武田を倒すために...
氏真は、早川殿の実家である北条を目指し相模へ逃げ延びました。
その結果、氏真は北条氏直を養子に迎え今川家の家督を継がせることになり、今川家は北条一門に吸収されました。
なぜここまで今川家は手厚い待遇を受けられたのか。
それは駿河侵攻の大義名分として、今川の名が役に立つと考えられたからです。
しかし、氏康の息子である氏政は越相同盟が上手くいかなかったため、また武田と同盟を結んでしまいます。
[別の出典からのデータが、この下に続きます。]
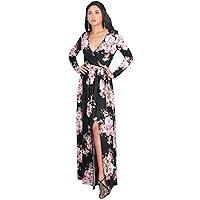 KOH KOH Womens Long Sleeve Floral Print V-Neck Cross Over High Slit Cocktail Evening Gown Maxi Dress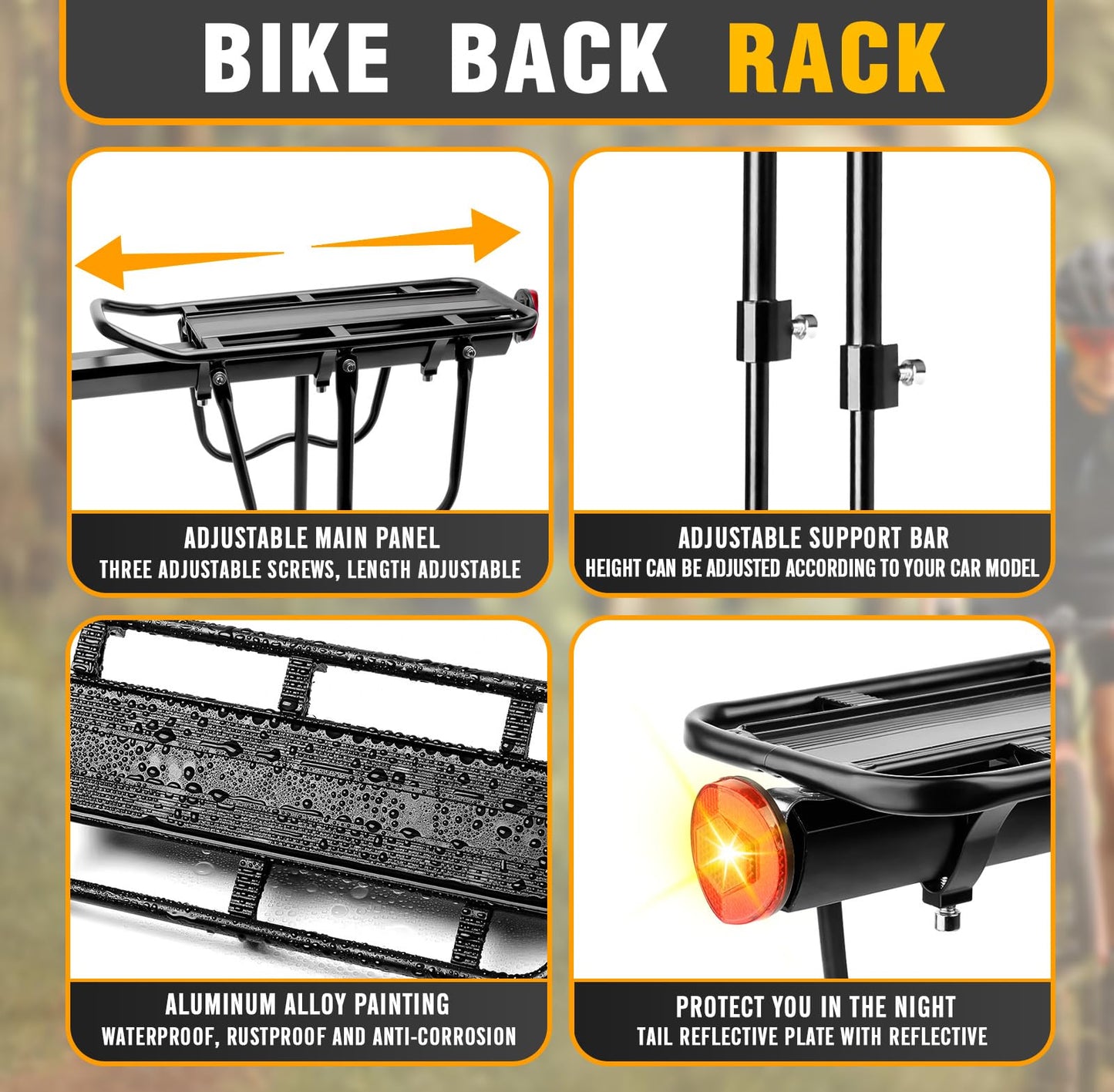 Rear Bike Rack Bike Cargo Rack 110-135Lb Capacity Bike Rear Rack Universal Adjustable Bike Back Rack, Cycling Equipment Stand Footstock with Reflective Logo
これでは駿河に帰ることが出来ないと考えたのか、氏真はついに浜松にいる家康のもとに向かいます。
この点から氏真はまだ戦国武将に返り咲こうとすることを諦めていないのでは、と考証出来ますね!
そして、その後に氏真は父親の仇でもある織田信長に信玄討伐を頼みに行きます。
1575年、信長の前で氏真が蹴鞠を披露したことはあまりにも有名ですね。
定説での氏真のイメージは、そんな風に親の仇である織田信長にすら媚びを売る貴族かぶれだと思われて来ましたが、それはあくまで武田を倒すためにやったことだと氏真の動向を冷静に見つめればわかってきます。
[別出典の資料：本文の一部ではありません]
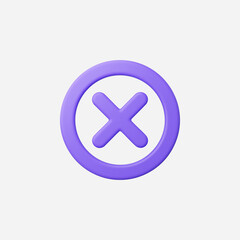 3d Realistic Cross Checkmark icon vector Illustration
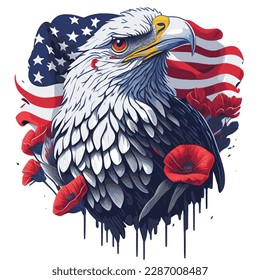 Memorial Day Red Poppies, United States Flag, and Eagle Vector Illustration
氏真が戦国武将に返り咲こうと全く思わないのであれば、そのまま北条に援助してもらっていればすむ話ですからね。
しかも氏真は、1575年の長篠の戦いに後詰とはいえ従軍していたり、上杉氏に信濃を攻めるように書状をわざわざ書いていたことなども判明しています。
そうして氏真は実権はなかったかもしれませんが、家康の家臣として遠江国の牧野城を預けられました。